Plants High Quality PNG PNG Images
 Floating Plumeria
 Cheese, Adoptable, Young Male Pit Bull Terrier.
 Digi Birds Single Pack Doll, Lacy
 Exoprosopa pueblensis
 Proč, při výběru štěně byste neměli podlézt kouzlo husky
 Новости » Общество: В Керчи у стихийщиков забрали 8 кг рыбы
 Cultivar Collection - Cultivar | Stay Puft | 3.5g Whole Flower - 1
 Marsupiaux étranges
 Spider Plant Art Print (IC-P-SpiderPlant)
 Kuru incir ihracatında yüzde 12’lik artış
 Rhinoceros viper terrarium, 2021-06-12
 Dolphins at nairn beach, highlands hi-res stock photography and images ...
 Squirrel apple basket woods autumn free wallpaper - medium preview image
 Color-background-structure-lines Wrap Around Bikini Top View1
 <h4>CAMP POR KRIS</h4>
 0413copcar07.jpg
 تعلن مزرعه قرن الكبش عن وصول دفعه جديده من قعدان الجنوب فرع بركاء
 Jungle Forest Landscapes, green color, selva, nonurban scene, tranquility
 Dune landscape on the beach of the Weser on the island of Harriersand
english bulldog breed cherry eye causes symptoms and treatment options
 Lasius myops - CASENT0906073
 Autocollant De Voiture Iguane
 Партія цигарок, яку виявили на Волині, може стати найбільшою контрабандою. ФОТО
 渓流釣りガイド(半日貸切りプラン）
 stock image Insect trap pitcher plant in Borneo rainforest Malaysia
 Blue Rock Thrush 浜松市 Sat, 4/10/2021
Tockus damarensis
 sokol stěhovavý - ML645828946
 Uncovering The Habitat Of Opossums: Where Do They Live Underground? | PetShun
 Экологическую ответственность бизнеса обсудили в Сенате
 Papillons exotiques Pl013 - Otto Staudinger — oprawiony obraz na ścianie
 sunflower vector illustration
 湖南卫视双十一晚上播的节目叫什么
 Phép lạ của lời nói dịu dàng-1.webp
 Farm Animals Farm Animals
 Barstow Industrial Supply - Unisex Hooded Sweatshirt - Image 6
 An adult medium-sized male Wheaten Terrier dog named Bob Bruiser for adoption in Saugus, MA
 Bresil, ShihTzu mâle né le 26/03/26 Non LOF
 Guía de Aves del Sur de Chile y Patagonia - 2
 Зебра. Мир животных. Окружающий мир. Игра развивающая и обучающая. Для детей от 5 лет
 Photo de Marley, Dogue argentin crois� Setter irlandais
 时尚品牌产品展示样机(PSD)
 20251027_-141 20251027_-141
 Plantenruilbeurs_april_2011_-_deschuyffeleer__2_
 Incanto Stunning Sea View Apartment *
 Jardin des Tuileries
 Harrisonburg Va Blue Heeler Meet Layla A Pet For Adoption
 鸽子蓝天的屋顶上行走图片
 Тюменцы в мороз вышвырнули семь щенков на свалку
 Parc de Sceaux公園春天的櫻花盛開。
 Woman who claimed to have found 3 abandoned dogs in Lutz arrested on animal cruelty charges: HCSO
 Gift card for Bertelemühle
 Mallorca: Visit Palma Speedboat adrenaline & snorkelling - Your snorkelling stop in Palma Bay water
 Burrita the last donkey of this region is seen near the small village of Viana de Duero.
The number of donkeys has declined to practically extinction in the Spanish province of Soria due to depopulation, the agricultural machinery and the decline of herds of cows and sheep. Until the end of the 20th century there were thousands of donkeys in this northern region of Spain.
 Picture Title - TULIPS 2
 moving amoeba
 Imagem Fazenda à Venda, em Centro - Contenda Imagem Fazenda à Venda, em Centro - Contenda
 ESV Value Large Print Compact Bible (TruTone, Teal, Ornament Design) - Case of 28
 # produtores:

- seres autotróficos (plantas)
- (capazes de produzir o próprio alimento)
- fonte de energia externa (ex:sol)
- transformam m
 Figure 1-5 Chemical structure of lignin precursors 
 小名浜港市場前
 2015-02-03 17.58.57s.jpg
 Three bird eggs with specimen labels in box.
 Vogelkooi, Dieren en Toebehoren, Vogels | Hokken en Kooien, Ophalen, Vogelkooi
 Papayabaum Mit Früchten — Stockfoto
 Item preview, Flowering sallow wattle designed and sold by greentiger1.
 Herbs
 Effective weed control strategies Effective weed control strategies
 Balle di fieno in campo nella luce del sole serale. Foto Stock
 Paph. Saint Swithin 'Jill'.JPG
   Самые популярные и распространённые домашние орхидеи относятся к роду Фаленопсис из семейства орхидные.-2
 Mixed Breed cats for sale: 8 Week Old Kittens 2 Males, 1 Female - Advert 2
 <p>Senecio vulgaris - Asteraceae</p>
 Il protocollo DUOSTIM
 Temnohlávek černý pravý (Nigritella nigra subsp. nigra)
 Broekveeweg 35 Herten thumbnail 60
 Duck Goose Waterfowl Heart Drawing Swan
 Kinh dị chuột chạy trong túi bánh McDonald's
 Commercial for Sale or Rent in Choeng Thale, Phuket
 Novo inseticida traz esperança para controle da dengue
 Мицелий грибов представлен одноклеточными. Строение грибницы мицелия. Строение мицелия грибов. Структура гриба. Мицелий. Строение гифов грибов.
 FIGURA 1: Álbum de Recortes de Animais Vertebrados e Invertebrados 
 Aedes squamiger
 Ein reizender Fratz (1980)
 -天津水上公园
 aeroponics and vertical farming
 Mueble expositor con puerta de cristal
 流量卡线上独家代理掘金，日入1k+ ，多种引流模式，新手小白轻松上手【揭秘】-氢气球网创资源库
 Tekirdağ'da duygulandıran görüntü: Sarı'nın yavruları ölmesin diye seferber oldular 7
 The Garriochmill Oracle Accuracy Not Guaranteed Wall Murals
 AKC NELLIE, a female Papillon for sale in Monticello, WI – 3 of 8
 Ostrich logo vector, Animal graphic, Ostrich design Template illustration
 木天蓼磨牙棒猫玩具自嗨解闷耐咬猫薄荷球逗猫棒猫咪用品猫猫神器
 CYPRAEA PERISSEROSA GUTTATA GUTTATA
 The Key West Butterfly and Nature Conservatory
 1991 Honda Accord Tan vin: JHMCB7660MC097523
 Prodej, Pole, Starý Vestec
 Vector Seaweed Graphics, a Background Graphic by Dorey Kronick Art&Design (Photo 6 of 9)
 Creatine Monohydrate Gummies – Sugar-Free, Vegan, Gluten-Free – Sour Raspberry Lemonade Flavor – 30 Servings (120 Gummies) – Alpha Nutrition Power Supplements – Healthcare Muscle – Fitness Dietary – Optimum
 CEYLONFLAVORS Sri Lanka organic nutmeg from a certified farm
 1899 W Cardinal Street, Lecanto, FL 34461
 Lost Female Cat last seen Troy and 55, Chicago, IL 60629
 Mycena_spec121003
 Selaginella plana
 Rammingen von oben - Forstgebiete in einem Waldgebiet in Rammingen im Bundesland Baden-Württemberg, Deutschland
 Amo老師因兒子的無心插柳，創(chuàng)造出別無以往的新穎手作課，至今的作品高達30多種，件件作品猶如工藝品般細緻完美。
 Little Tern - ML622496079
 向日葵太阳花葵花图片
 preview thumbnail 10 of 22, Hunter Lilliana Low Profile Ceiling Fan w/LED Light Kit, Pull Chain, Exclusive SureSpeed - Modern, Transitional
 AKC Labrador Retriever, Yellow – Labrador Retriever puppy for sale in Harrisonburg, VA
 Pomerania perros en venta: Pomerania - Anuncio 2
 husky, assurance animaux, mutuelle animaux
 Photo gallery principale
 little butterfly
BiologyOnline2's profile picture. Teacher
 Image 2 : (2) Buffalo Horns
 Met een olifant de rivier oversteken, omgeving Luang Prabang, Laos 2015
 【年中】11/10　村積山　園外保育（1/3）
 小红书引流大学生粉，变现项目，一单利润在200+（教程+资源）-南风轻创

***

A word-for-word copy of the lines above from the one with "Squirrel apple basket" through the one with "Tockus damarensis", inclusive, is the only output wanted.

■ RESULT OF THIS TASK:
 Squirrel apple basket woods autumn free wallpaper - medium preview image
 Color-background-structure-lines Wrap Around Bikini Top View1
 <h4>CAMP POR KRIS</h4>
 0413copcar07.jpg
 تعلن مزرعه قرن الكبش عن وصول دفعه جديده من قعدان الجنوب فرع بركاء
 Jungle Forest Landscapes, green color, selva, nonurban scene, tranquility
 Dune landscape on the beach of the Weser on the island of Harriersand
english bulldog breed cherry eye causes symptoms and treatment options
 Lasius myops - CASENT0906073
 Autocollant De Voiture Iguane
 Партія цигарок, яку виявили на Волині, може стати найбільшою контрабандою. ФОТО
 渓流釣りガイド(半日貸切りプラン）
 stock image Insect trap pitcher plant in Borneo rainforest Malaysia
 Blue Rock Thrush 浜松市 Sat, 4/10/2021
Tockus damarensis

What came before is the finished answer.